Acute Lymphoblastic Leukemia

It’s a mouthful isn’t it? And that’s what I was diagnosed with. Acute Lymphoblastic Leukemia, or ALL for short.

It’s, as the one of the consultants here put it, “not a cold or a flu. It’s a very, very nasty, dangerous disease.” What I have specifically, is the Precursor B-Type (going all medical here).
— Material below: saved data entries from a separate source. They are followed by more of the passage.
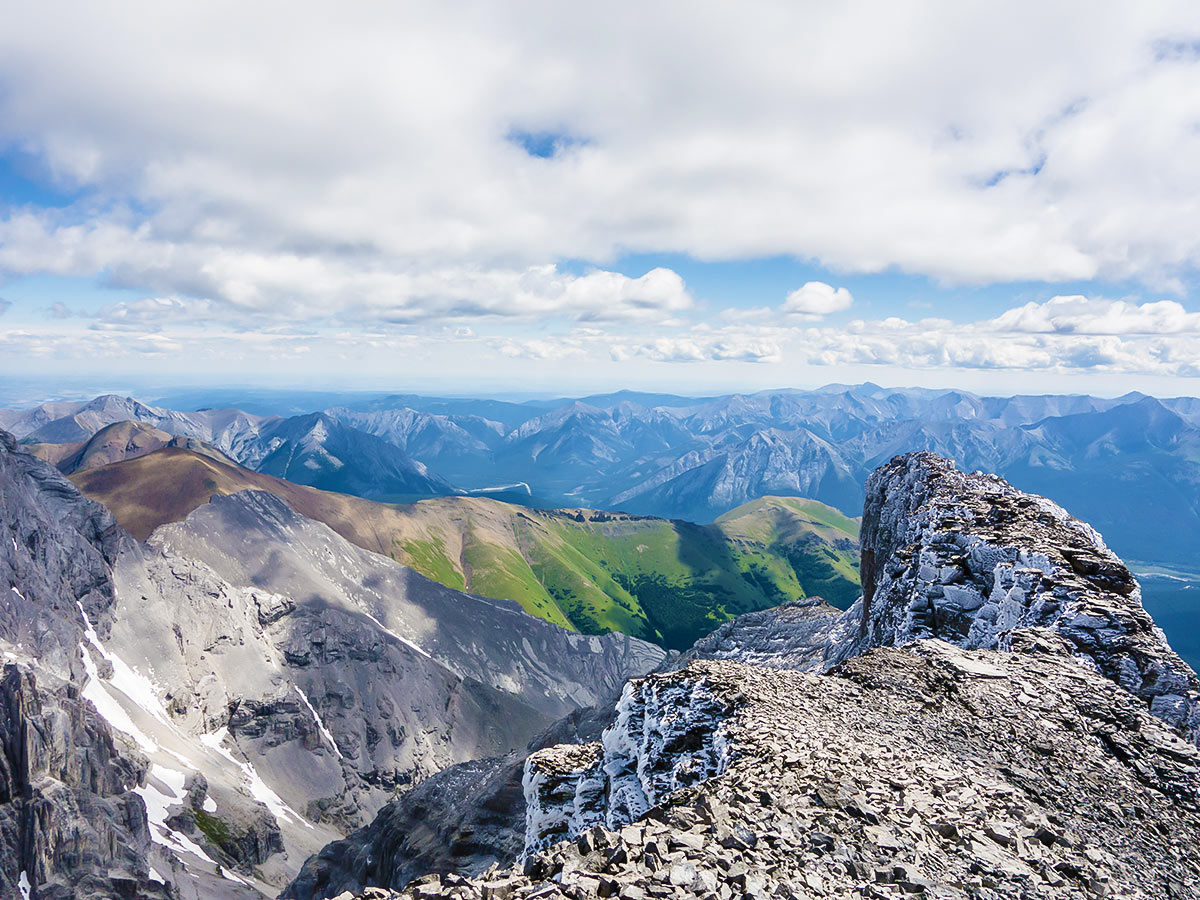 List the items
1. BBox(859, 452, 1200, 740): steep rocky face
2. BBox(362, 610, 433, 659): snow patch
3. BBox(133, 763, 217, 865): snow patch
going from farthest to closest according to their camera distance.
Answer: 1. BBox(362, 610, 433, 659): snow patch
2. BBox(133, 763, 217, 865): snow patch
3. BBox(859, 452, 1200, 740): steep rocky face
Generally, it’s either the T cells or B cells that have gone bonkers. In my case, it’s the B cells. There’s not much difference in the treatment or prognosis, and it largely depends on who you ask. Doctors here reckon that stats don’t matter, and it’s the individual patient who beats this, no matter what it is.
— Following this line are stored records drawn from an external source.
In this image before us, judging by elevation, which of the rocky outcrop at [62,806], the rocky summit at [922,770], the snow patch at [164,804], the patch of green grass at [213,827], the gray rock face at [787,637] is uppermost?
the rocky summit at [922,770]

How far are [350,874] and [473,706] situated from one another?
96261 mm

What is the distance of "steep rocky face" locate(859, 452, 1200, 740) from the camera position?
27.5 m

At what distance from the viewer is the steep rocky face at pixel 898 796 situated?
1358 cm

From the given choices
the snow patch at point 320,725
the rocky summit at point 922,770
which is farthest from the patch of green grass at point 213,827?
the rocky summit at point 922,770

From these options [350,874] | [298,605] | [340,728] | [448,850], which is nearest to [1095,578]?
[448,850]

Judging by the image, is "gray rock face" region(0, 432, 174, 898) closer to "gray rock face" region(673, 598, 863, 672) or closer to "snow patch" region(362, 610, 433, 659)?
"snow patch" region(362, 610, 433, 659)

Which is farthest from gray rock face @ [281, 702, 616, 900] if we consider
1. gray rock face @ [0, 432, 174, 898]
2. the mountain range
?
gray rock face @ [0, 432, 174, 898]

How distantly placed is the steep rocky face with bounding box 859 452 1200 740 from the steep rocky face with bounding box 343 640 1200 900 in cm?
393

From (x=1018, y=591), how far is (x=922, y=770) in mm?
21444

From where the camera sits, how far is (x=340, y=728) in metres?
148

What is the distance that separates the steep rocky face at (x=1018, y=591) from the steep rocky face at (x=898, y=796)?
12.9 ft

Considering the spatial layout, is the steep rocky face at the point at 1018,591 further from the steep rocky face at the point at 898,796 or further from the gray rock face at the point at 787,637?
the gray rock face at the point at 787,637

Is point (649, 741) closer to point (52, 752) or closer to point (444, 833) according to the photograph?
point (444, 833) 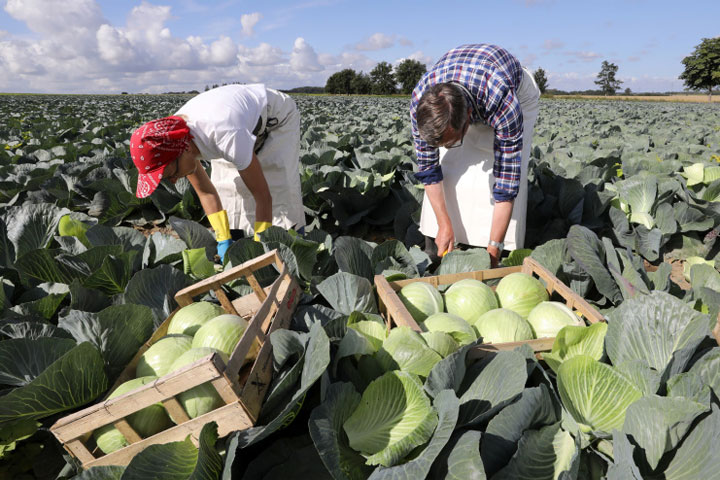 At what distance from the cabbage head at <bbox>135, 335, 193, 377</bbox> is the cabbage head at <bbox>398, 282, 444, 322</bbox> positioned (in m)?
0.97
According to Cancer Research UK, 297,991 people were diagnosed with cancer in 2007. Of that, about 1.5% are diagnosed with Leukemia (simple maths, nearly 4500). And, ALL is one of the least common adult Leukemias, roughly 650 cases a year. It’s actually more common, and more treatable in children between the ages of 1 – 10. It’s like I’ve won the reverse lottery! Ha!

The good news (relatively speaking) is that I am negative for the Philadelphia chromosome (9,22), which is very nasty, untreatable and has a very bad prognosis.
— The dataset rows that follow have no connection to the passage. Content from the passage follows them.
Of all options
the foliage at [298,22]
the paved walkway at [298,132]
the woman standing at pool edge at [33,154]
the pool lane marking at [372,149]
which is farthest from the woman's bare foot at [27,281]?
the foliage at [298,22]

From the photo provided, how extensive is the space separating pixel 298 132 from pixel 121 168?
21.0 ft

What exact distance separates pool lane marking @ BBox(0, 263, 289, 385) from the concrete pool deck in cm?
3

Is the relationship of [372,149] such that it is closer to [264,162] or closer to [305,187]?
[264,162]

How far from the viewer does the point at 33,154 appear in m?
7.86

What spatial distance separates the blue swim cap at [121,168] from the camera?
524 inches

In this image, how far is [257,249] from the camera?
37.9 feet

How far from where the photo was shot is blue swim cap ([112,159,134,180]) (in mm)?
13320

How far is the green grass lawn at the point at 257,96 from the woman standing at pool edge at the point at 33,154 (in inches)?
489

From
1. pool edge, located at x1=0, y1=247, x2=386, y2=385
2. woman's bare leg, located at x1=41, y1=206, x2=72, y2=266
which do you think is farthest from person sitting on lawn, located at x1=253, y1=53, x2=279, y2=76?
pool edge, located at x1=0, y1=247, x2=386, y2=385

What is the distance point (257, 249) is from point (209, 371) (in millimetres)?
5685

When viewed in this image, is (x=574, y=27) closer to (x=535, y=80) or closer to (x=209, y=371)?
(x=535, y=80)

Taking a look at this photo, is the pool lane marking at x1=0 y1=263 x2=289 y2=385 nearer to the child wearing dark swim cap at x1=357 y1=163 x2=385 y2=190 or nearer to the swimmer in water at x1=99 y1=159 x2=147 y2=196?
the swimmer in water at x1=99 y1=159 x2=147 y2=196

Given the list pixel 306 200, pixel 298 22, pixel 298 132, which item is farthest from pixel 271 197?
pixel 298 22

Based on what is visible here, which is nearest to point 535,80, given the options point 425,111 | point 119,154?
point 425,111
The scariest thing about ALL is that it has no clear symptoms. And if left untreated, it can be fatal in weeks. It was purely due to the Grace of God (and a persistent wife, who harassed me constantly to see the doctor) that I was diagnosed before I got really sick.

Some of the known symptoms of ALL are:

  • General fatigue and tiredness
  • Unexplained infections and illness
  • Bruising
  • Unexplained bleeding
  • Weight loss or loss of appetite
  • Night sweats

The symptoms are all fairly unassuming and many people tend to dismiss them and continue living their lives. I’ve only had the night sweats, and in hindsight, noticed that I got tired very easily.

But at this point, I am just thankful that we’ve managed to catch this thing early and that I am getting the best treatment I can possibly get. But having had this diagnosis, I think it’s very prudent to be a little bit more paranoid about my health. It’s very fragile and things can just change in an instant, like it did for me.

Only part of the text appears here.